[Task to carry out]: From the first line to the last, give the material again exactly, without the images.

[Material for this task]:
--- START ---

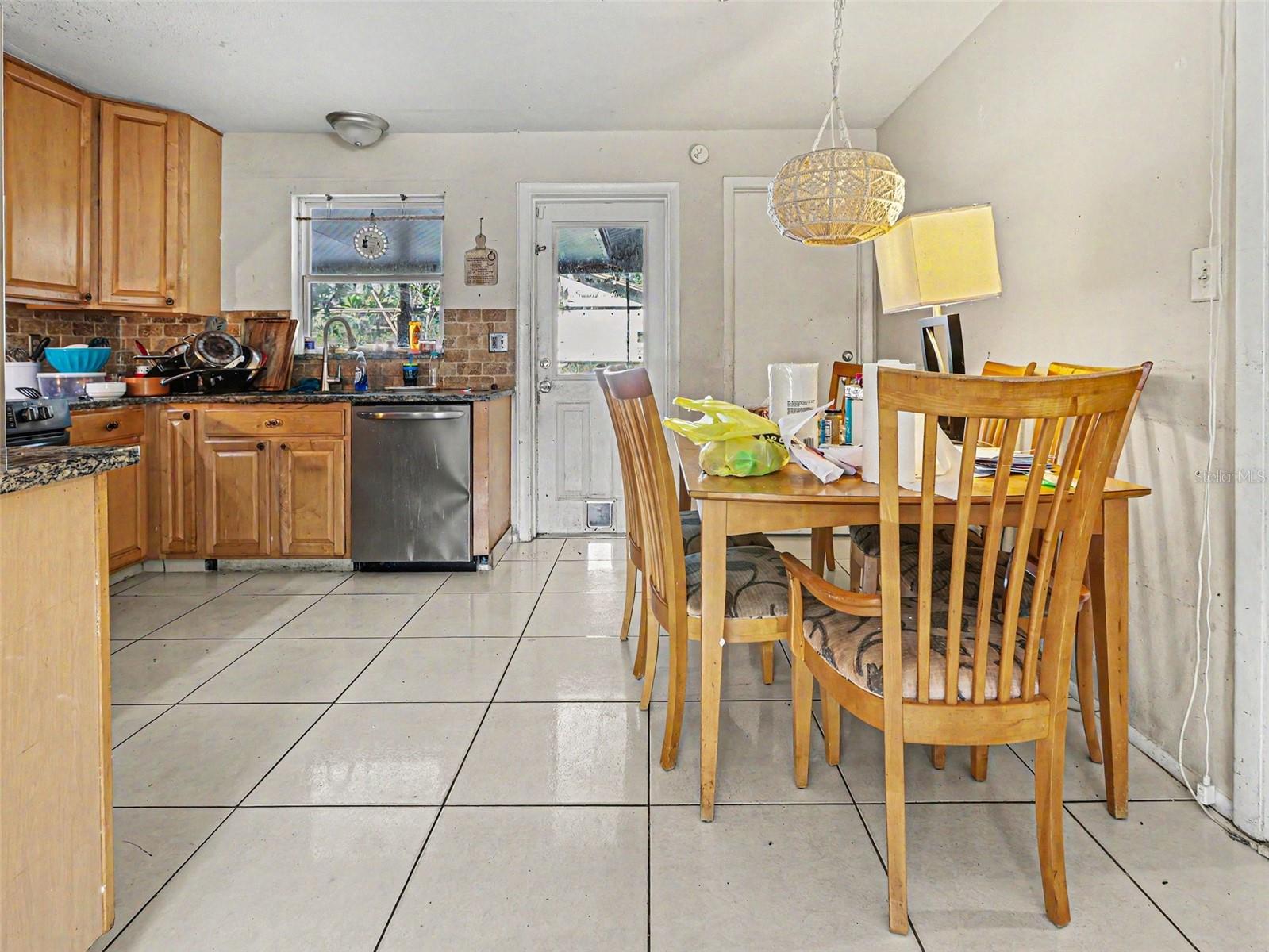 OAKMOUNT SUB - Residential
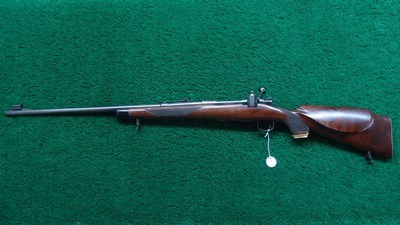 CUSTOM ENGRAVED WINCHESTER MODEL 70 RIFLE IN CALIBER .257 ROBERTS - Image 24 of 25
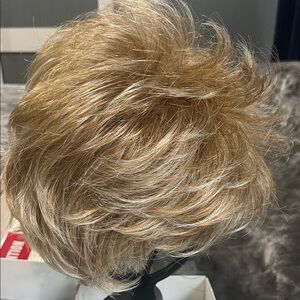 Elegant Blonde Hair Wig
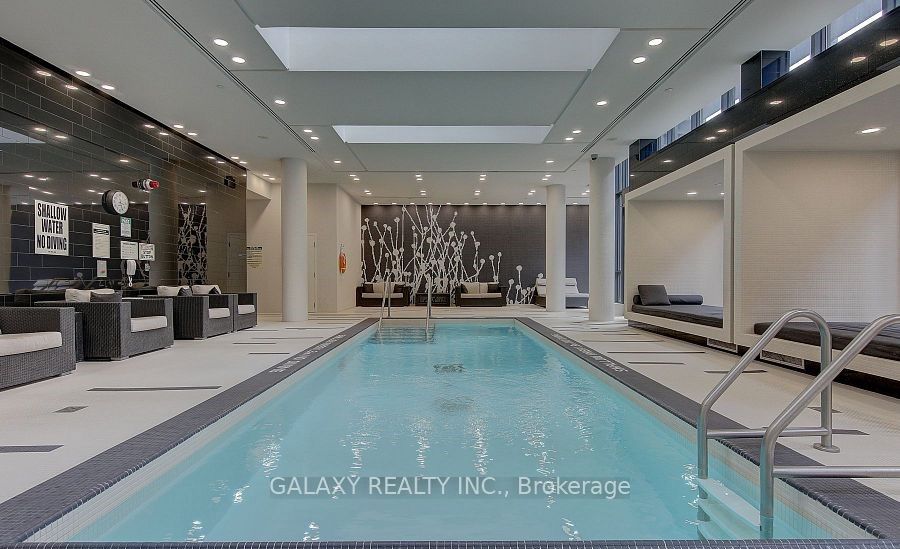 770 Bay Street Ph205 Property Photo 27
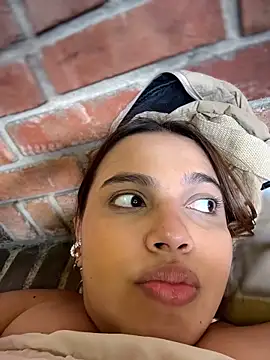 XXX chat uživo modela Colibri_xxx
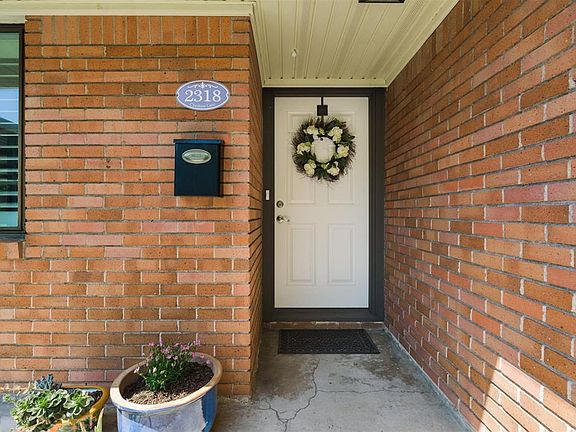 3rd image of 2318 Cheshire Ln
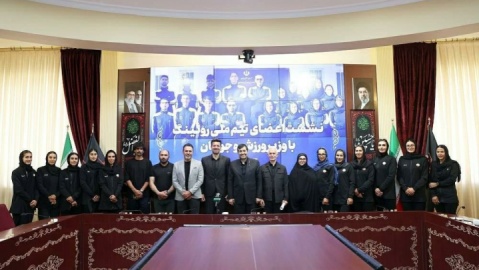 هدف اصلی فدراسیون روئینگ باید موفقیت در المپیک لس‌آنجلس باشد/ دختران روئینگ به دستاوردهای خوبی رسیده‌اند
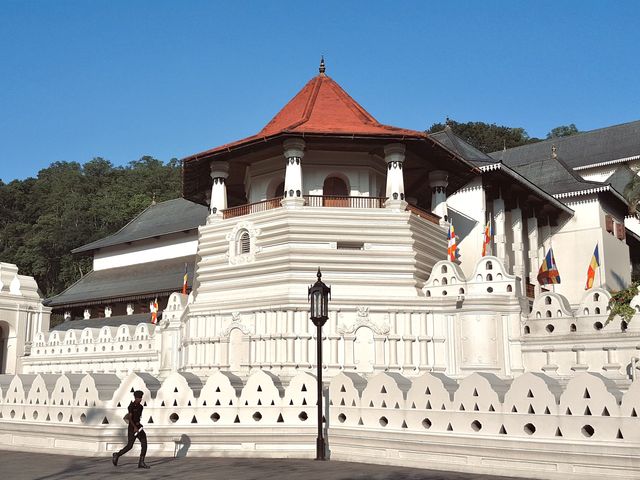 가장 스리랑카 다운 도시, 캔디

--- END ---

[Task result]:
 OAKMOUNT SUB - Residential
 CUSTOM ENGRAVED WINCHESTER MODEL 70 RIFLE IN CALIBER .257 ROBERTS - Image 24 of 25
 Elegant Blonde Hair Wig
 770 Bay Street Ph205 Property Photo 27
 XXX chat uživo modela Colibri_xxx
 3rd image of 2318 Cheshire Ln
 هدف اصلی فدراسیون روئینگ باید موفقیت در المپیک لس‌آنجلس باشد/ دختران روئینگ به دستاوردهای خوبی رسیده‌اند
 가장 스리랑카 다운 도시, 캔디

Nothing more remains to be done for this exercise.